(The data Opens)

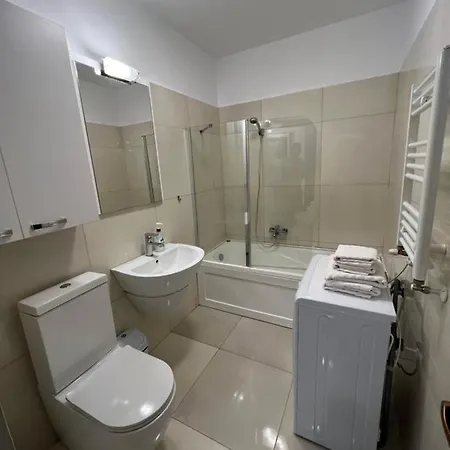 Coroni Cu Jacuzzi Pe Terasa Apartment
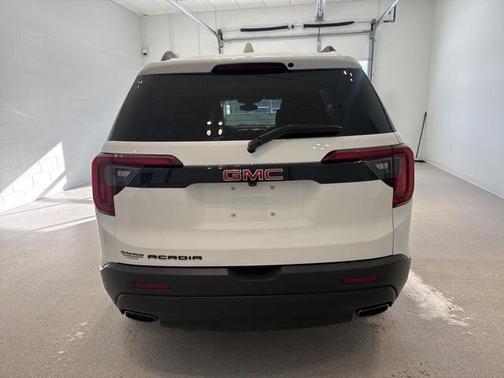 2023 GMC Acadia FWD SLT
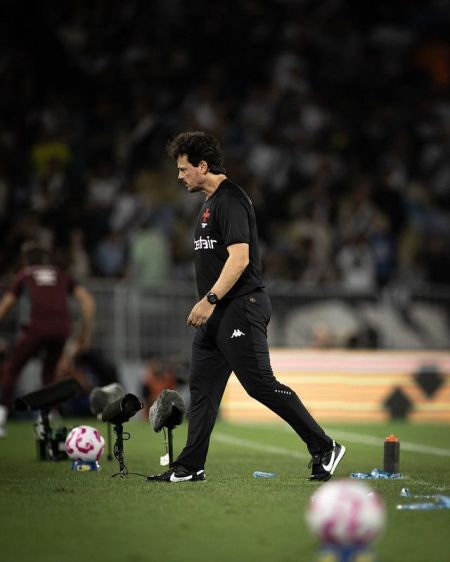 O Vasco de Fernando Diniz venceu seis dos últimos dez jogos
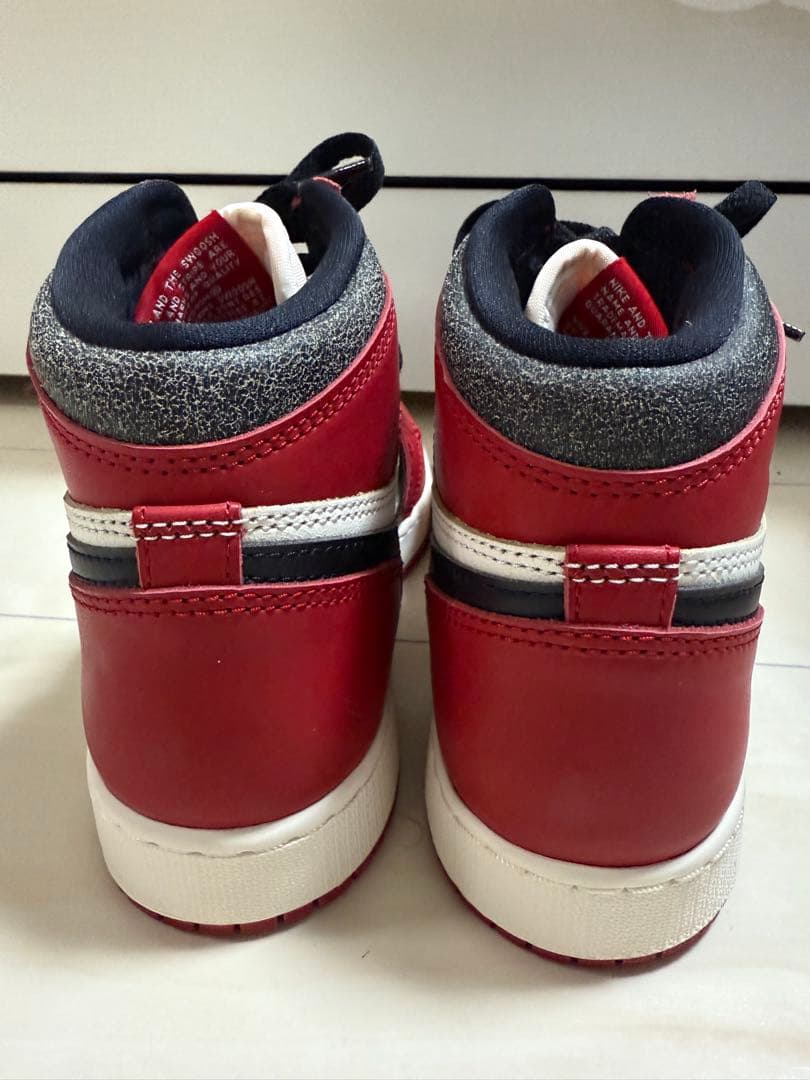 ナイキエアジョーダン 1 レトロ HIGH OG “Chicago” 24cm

(The data Closes)

### Problem requirements
Reproduce, exactly and without pictures, the lines above from the one containing "O Vasco de Fernando" through the last line of the material, both ends included, and nothing more.

### Output of the task
 O Vasco de Fernando Diniz venceu seis dos últimos dez jogos
 ナイキエアジョーダン 1 レトロ HIGH OG “Chicago” 24cm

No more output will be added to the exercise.